Батюшков, подобно Жуковскому, был большим поэтом, решительно
вставшим на путь, после которого дерзкое державинское словоупотребление стало
окончательно казаться чуть ли не невежеством. В лице Батюшкова поэзия вошла в
такие тесные границы формы, обрекла себя на столько добровольных лишений, что
неудивительно, почему в этой «зажатости» оказался выкован бесконечно стройный
стих, сложился высокий лексический стиль. Поэзия стала «абсолютной», и Батюшков
был ее апостолом. Где уж тут XVIII столетию с его
«поразительностью» и сбивчивостью! Никто, даже Жуковский, так не способствовал
успеху этой «абсолютной» поэзии в России, как Батюшков.
Вот они, эти изящнейшие стереотипные словосочетания, – это не
Пушкин, это Батюшков: «мечты златые», «нежные грации», «томный глас», «прелесть
очей», «солнце жизни», «пламенные уста», «роковая мука», «скорбный глас»,
«златая цепь», «беспечная юность», «сон скоротечный», «сияние протекших дней»,
«в груди моей остылой», «в безмолвии ночей», «славы блеск», «мраморные палаты»,
«ложе сна», «свежие сени», «поэзия прелестная», «прах летучий», «задумчивая
цевница», «души возвышенной свобода», «буря пламенных страстей», «под сенью
безмятежной», «мыслей чистых и глубоких» и пр.
Не все эти словосочетания – изобретения Батюшкова, но его вкус их
требовал, в них верил, к ним тянулся.
Эти словосочетания, эта метанимика, эта поэтическая лексика, –
явление замечательное. Практически это нечто вроде неологизмов, нечто вроде
особого поэтического «золотого» языка, на котором говорила просвещенная элита.
Еще Аристотель писал, что поэзии, как воздух, нужен «сочиненный», не
общеупотребительный язык, чтобы им «развести» общеупотребительный: «должно
как-нибудь перемешивать выражения – тогда-то проистечет «ясность».

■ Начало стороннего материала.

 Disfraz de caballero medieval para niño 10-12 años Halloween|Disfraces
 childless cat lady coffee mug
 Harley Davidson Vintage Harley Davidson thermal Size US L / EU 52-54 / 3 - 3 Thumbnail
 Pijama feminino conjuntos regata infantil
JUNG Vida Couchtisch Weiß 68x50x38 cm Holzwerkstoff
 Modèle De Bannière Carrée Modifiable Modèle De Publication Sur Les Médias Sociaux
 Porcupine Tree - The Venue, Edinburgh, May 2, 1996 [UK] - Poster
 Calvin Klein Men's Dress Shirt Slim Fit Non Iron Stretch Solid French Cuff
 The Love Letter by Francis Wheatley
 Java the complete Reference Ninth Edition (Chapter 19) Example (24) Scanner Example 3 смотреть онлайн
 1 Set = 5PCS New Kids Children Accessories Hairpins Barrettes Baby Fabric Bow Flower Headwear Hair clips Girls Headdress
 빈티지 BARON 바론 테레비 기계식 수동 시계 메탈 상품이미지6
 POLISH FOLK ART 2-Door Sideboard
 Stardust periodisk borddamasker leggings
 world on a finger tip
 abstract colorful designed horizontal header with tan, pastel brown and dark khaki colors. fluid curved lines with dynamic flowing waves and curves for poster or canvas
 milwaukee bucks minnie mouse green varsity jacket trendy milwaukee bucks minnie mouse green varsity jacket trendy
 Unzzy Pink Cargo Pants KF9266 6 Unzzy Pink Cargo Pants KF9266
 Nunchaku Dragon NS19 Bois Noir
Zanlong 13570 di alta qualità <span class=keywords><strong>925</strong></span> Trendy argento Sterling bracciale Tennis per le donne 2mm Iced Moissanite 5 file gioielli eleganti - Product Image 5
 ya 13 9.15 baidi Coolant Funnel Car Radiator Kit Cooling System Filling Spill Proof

Русский «абсолютный» стих был создан на нейтральной по отношению к
народному русскому языку территории. Коренные русские слова образуют более
периферию, нежели центр прекрасного литературного языка школы Батюшкова–Жуковского–Пушкина.
Неслучайно эти стереотипы сложены из блоков слов – их значение не меняется от
стихотворного контекста. Они будто бы изготовлены где-то вне стиха и лишены
автора, их хочется назвать «пластическими афоризмами», так они напоминают неподвижные
скульптурные изваяния.
Словосочетания Батюшкова нерасторжимы, как географические названия
– Ботнический залив, Понт Эвксинский, Дальний Восток, – или такие географическо-культурные
неологизмы, как «Таврида отдаленная», «Греция священная» и т.д.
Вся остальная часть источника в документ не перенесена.